§ **Task to carry out**: Below are some records. Return exactly the lines from the one with "(2 Pièces) Sac" to the one with "The Billion-Luck Player", and nothing else.

§ **Source material**:
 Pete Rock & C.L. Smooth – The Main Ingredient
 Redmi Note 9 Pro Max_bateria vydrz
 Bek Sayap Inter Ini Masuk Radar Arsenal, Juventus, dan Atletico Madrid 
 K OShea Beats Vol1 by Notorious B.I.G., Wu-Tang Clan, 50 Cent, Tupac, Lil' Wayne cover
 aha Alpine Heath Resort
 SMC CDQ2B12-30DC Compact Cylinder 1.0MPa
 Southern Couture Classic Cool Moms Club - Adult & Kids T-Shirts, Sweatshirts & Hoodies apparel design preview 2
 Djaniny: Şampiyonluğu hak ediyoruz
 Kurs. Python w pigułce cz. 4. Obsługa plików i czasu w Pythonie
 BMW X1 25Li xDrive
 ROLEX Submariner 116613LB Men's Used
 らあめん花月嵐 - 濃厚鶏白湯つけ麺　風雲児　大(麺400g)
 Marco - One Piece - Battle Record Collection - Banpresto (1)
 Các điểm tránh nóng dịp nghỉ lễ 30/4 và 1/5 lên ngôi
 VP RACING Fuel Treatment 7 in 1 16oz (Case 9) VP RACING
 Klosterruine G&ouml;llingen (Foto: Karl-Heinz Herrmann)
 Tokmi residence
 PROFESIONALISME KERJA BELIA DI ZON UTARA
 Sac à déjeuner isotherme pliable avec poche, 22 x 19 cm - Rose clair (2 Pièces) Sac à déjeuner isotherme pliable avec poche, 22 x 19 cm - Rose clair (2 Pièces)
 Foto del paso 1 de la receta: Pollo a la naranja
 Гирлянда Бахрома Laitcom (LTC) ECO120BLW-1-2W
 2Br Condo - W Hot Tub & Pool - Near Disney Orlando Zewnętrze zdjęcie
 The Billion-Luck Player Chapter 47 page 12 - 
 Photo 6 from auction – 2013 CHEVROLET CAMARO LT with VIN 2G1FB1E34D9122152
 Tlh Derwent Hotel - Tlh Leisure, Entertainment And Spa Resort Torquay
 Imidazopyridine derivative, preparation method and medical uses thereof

§ **The answer**:
 Sac à déjeuner isotherme pliable avec poche, 22 x 19 cm - Rose clair (2 Pièces) Sac à déjeuner isotherme pliable avec poche, 22 x 19 cm - Rose clair (2 Pièces)
 Foto del paso 1 de la receta: Pollo a la naranja
 Гирлянда Бахрома Laitcom (LTC) ECO120BLW-1-2W
 2Br Condo - W Hot Tub & Pool - Near Disney Orlando Zewnętrze zdjęcie
 The Billion-Luck Player Chapter 47 page 12 - 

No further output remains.